Exercise requirements:
Give the records again exactly. Pictures do not belong in the copy.

·····

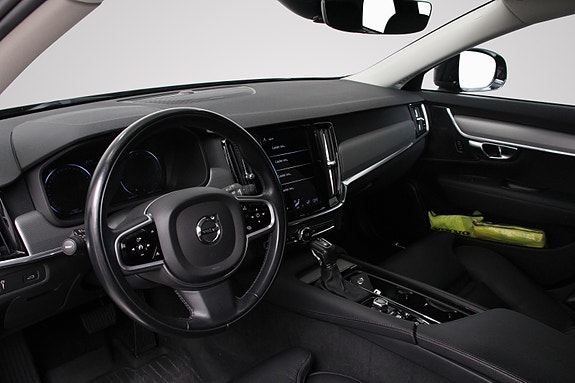 Volvo V90 Cross Country 19 of 30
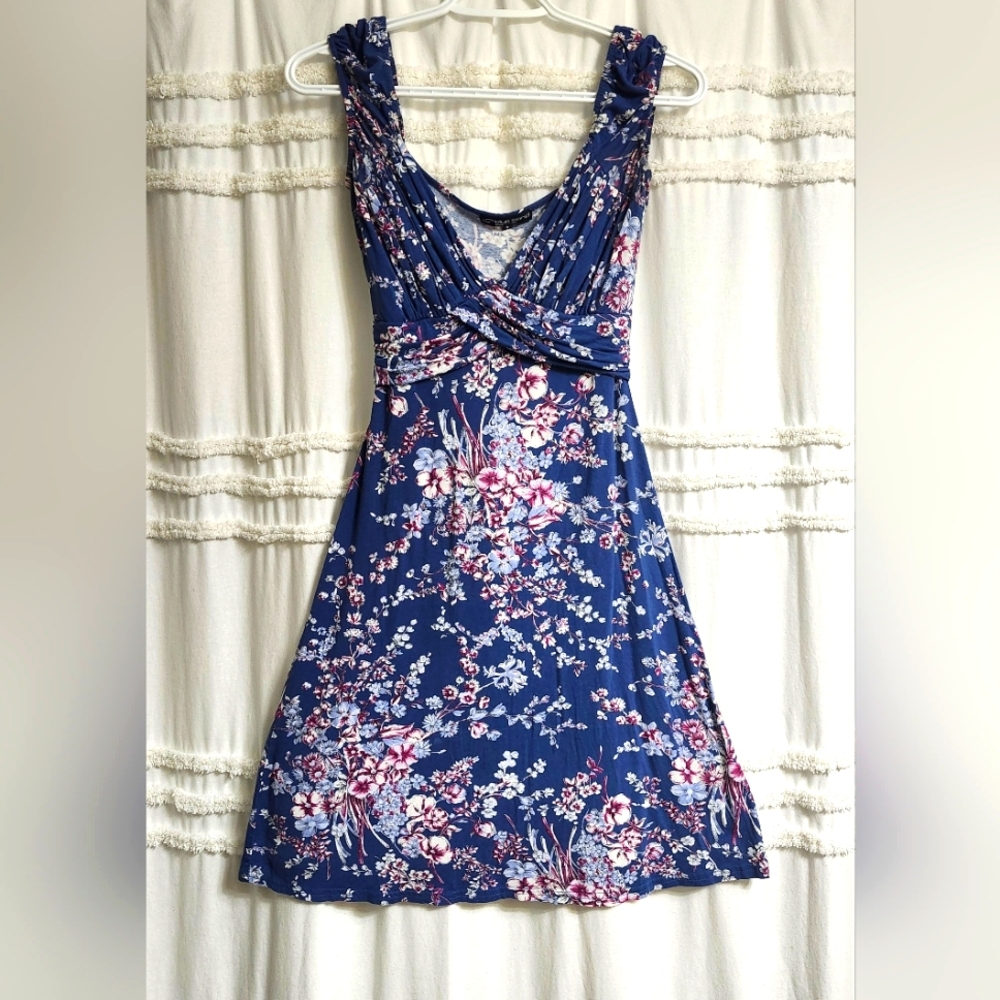 Blue Sand Floral V-neck Dress.. Made In Italy.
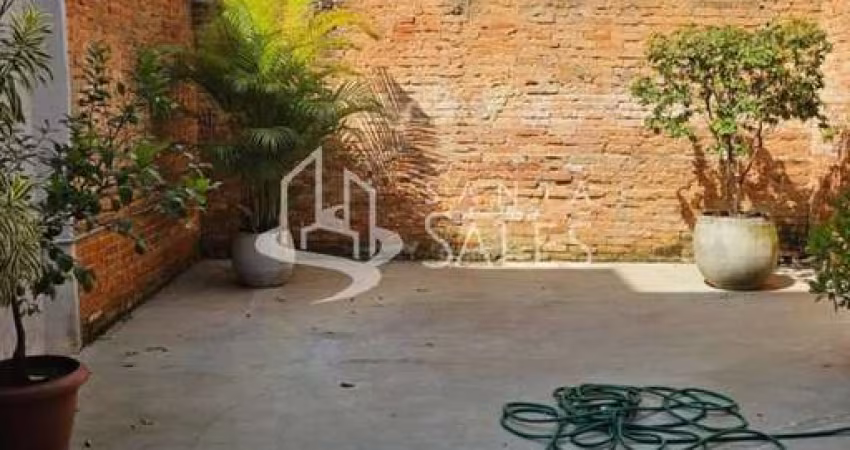 Casa Industrial de Alto Padrão em Pinheiros, São Paulo-SP: 3 quartos, 2 banheiros, 1 vaga, 200m² de área. Venda ou Locação!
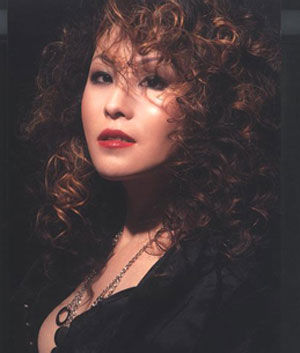 中国摇滚之母罗琦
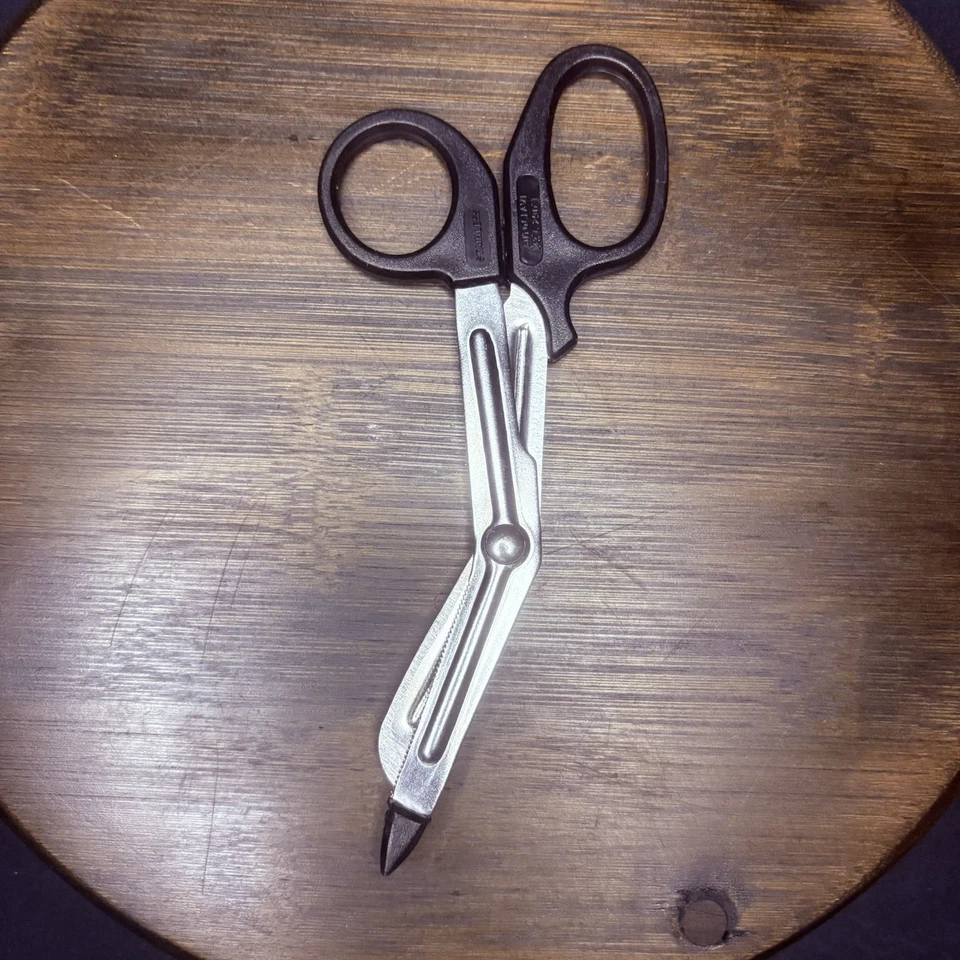 Pack Of (4) Trauma Shears 5.5" Stainless EMT Scissors w/Rubber Safety Tip - Image 2 of 4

·····

Answer box:
 Volvo V90 Cross Country 19 of 30
 Blue Sand Floral V-neck Dress.. Made In Italy.
 Casa Industrial de Alto Padrão em Pinheiros, São Paulo-SP: 3 quartos, 2 banheiros, 1 vaga, 200m² de área. Venda ou Locação!
 中国摇滚之母罗琦
 Pack Of (4) Trauma Shears 5.5" Stainless EMT Scissors w/Rubber Safety Tip - Image 2 of 4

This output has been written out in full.